## PROBLEM
Would you please transcribe, exactly as written, the lines of the entries below starting at the one that holds "Puerto Rey Sports" and ending at the one that holds "Holiday Inn Express", both included?

======== DATA SUPPLIED ========

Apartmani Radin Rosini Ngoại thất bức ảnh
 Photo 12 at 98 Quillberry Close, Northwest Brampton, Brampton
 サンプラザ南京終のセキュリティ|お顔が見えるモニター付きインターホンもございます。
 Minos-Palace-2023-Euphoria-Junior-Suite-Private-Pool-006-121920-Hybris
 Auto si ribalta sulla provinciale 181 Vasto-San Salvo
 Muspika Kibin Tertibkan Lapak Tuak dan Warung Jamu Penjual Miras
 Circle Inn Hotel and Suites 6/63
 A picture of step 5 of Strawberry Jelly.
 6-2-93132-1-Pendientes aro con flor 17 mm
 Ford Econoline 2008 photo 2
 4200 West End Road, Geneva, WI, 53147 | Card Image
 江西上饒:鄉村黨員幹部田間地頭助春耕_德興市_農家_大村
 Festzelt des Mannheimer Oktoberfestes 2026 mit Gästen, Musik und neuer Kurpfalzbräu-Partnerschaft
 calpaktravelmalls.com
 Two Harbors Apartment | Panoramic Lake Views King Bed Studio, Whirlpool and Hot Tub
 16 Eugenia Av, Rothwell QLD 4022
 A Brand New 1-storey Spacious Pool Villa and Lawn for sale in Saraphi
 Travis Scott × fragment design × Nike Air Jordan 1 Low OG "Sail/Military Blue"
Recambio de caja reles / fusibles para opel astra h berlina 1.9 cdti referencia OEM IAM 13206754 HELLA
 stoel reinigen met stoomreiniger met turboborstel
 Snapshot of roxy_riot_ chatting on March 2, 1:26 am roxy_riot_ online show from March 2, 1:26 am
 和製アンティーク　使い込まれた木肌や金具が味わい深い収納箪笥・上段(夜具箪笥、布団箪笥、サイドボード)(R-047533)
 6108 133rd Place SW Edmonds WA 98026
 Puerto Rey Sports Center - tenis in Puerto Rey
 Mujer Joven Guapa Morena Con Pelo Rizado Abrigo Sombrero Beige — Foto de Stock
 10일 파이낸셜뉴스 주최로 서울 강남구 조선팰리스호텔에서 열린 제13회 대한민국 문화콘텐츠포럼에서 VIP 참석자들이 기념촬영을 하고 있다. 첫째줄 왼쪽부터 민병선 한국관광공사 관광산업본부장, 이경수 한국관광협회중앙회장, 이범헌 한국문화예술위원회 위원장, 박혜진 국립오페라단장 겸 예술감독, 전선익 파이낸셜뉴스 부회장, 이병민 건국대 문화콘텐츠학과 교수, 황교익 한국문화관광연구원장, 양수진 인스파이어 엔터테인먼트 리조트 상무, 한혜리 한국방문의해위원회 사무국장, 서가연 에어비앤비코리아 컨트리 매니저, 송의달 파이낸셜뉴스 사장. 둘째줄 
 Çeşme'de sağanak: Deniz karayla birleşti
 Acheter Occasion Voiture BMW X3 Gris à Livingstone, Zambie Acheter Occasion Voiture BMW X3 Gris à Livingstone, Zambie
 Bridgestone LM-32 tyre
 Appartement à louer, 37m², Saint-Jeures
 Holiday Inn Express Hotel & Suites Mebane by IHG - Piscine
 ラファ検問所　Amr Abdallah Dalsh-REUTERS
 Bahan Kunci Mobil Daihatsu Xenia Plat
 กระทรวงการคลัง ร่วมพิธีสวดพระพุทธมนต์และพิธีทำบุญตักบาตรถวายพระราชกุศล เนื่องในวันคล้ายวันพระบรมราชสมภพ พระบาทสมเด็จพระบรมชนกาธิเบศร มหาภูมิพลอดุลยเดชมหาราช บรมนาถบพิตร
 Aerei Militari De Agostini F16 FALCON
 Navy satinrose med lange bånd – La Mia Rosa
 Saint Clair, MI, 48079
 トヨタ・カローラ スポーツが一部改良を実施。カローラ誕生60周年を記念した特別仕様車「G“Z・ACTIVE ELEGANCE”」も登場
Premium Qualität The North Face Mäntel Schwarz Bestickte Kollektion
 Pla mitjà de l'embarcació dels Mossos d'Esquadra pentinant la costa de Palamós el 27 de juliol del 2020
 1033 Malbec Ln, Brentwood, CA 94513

========

## TASK ANSWER
 Puerto Rey Sports Center - tenis in Puerto Rey
 Mujer Joven Guapa Morena Con Pelo Rizado Abrigo Sombrero Beige — Foto de Stock
 10일 파이낸셜뉴스 주최로 서울 강남구 조선팰리스호텔에서 열린 제13회 대한민국 문화콘텐츠포럼에서 VIP 참석자들이 기념촬영을 하고 있다. 첫째줄 왼쪽부터 민병선 한국관광공사 관광산업본부장, 이경수 한국관광협회중앙회장, 이범헌 한국문화예술위원회 위원장, 박혜진 국립오페라단장 겸 예술감독, 전선익 파이낸셜뉴스 부회장, 이병민 건국대 문화콘텐츠학과 교수, 황교익 한국문화관광연구원장, 양수진 인스파이어 엔터테인먼트 리조트 상무, 한혜리 한국방문의해위원회 사무국장, 서가연 에어비앤비코리아 컨트리 매니저, 송의달 파이낸셜뉴스 사장. 둘째줄 
 Çeşme'de sağanak: Deniz karayla birleşti
 Acheter Occasion Voiture BMW X3 Gris à Livingstone, Zambie Acheter Occasion Voiture BMW X3 Gris à Livingstone, Zambie
 Bridgestone LM-32 tyre
 Appartement à louer, 37m², Saint-Jeures
 Holiday Inn Express Hotel & Suites Mebane by IHG - Piscine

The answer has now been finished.